Showing papers by "Pavel Bedrikovetsky published in 2008"

Upscaling of Stochastic Micro Model for Suspension Transport in Porous Media

Abstract: Micro scale population balance equations of suspension transport in porous media with several particle capture mechanisms are derived, taking into account the particle capture by accessible pores, that were cut off the flux due to pore plugging. The main purpose of the article is to prove that the micro scale equations allow for exact upscaling (averaging) in case of filtration of mono dispersed suspensions. The averaged upper scale equations generalise the classical deep bed filtration model and its latter modifications.
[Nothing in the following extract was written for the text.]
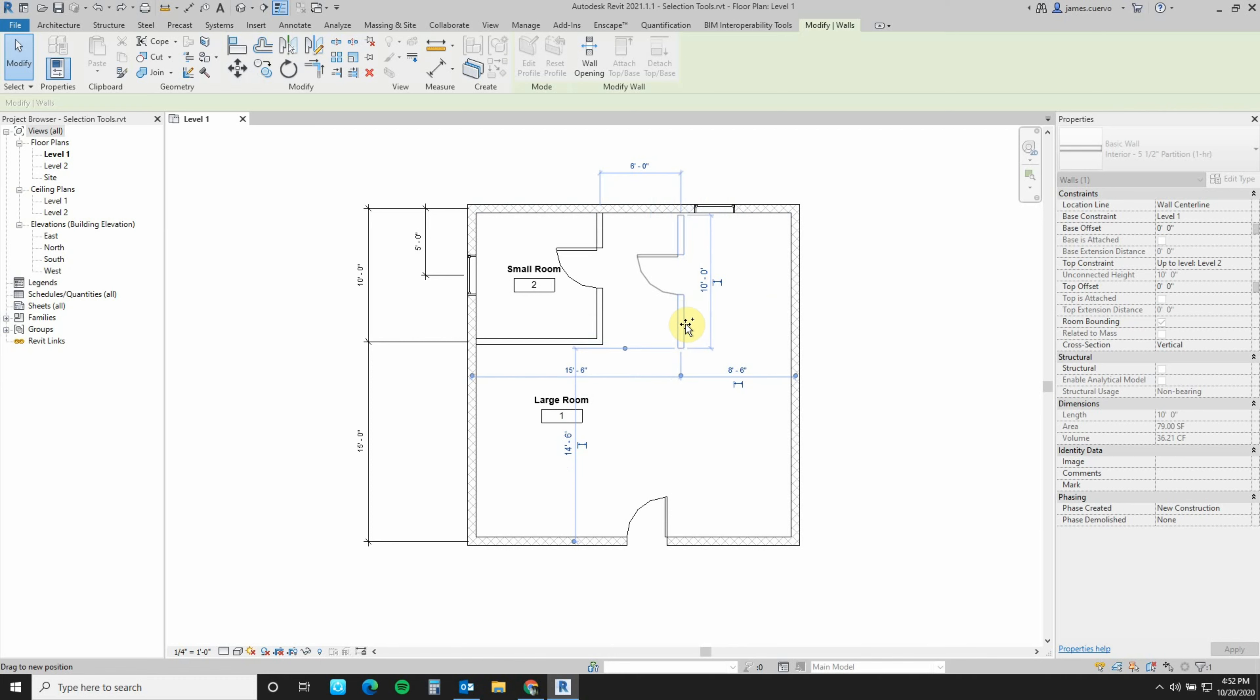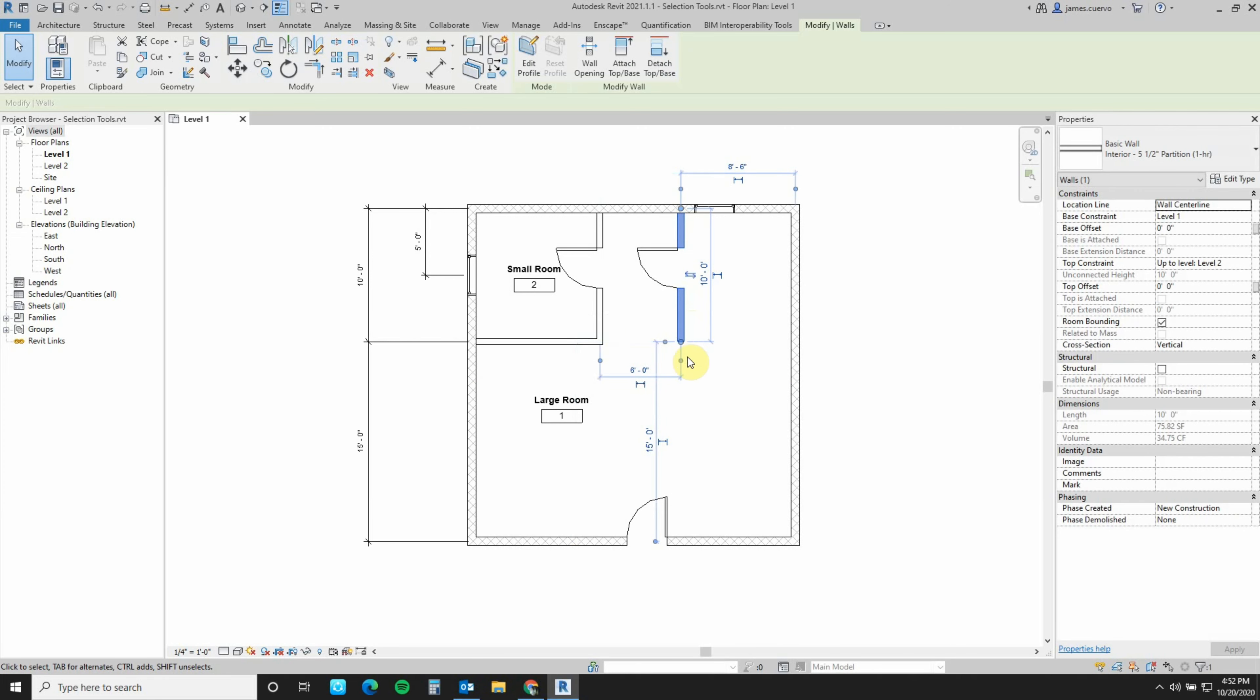Release the left button mouse, and it automatically creates a copy for us at whatever distance we want. This is how drag and copy is done. It's very similar to the 3ds Max drag and copy.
Elliptic random-walk equation for suspension and tracer transport in porous media

Abstract: We propose a new approach to transport of the suspensions and tracers in porous media. The approach is based on a modified version of the continuous time random walk (CTRW) theory. In the framework of this theory we derive an elliptic transport equation. The new equation contains the time and the mixed dispersion terms expressing the dispersion of the particle time steps. The properties of the new equation are studied and the fundamental analytical solutions are obtained. The solution of the pulse injection problem describing a common tracer injection experiment is studied in greater detail. The new theory predicts delay of the maximum of the tracer, compared to the velocity of the flow, while its forward “tail” contains much more particles than in the solution of the classical parabolic (advection-dispersion) equation. This is in agreement with the experimental observations and predictions of the CTRW theory.